**What needs to be done**
Any picture in the entries is to be skipped, while everything else is transcribed word for word.
============================================================
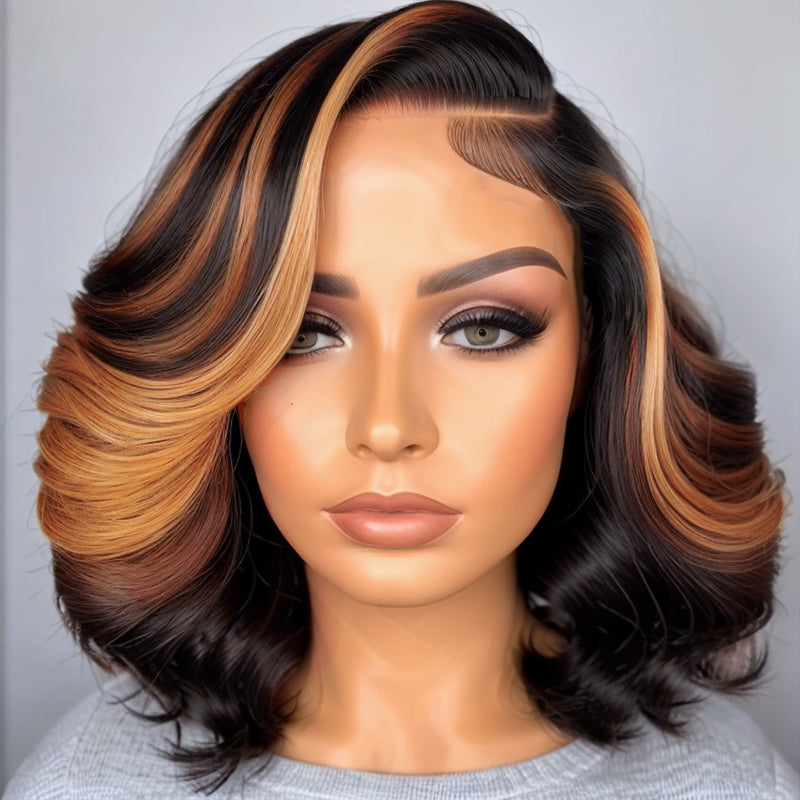Load image into Gallery viewer, LinktoHair Trendy Limited Design Piano Wavy Short Bob Wig Human Hair Lace Wig
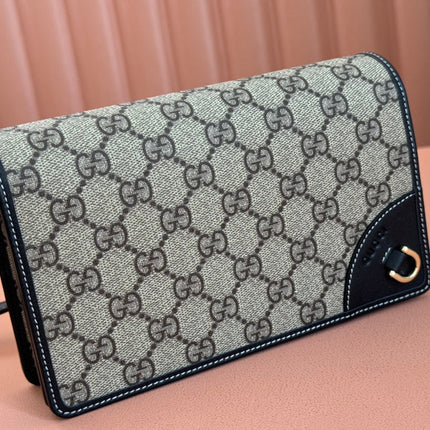 EMBLEM WALLET GG MONOGRAM 20 IN DARK BROWN AND BLACK CALFSKIN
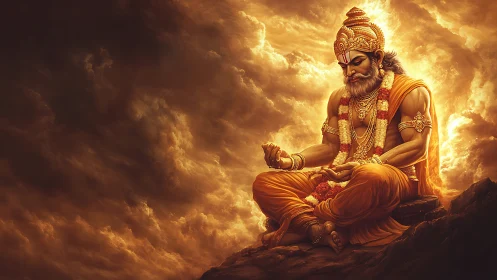 Seated robed figure in ornate attire amid glowing clouds.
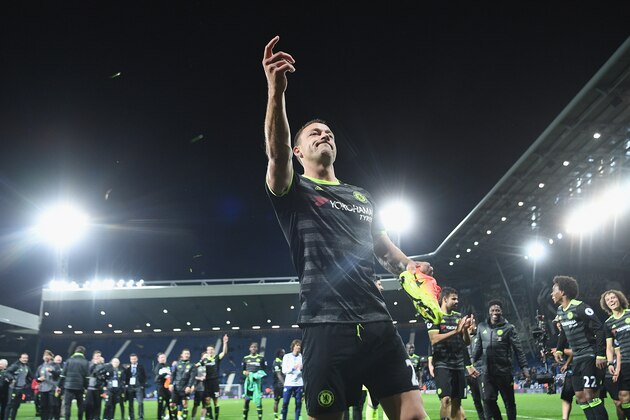 WEST BROMWICH, ENGLAND - MAY 12:  John Terry looks on as Chelsea celebrate winning the league after the Premier League match between West Bromwich Albion and Chelsea at The Hawthorns on May 12, 2017 in West Bromwich, England. Chelsea are crowned champions after a 1-0 victory against West Bromwich Albion. (Photo by Michael Regan/Getty Images)
Restrictions  (Photo by Michael Regan/Getty Images)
============================================================
**Solution for this exercise**
Load image into Gallery viewer, LinktoHair Trendy Limited Design Piano Wavy Short Bob Wig Human Hair Lace Wig
 EMBLEM WALLET GG MONOGRAM 20 IN DARK BROWN AND BLACK CALFSKIN
 Seated robed figure in ornate attire amid glowing clouds.
 WEST BROMWICH, ENGLAND - MAY 12:  John Terry looks on as Chelsea celebrate winning the league after the Premier League match between West Bromwich Albion and Chelsea at The Hawthorns on May 12, 2017 in West Bromwich, England. Chelsea are crowned champions after a 1-0 victory against West Bromwich Albion. (Photo by Michael Regan/Getty Images)
Restrictions  (Photo by Michael Regan/Getty Images)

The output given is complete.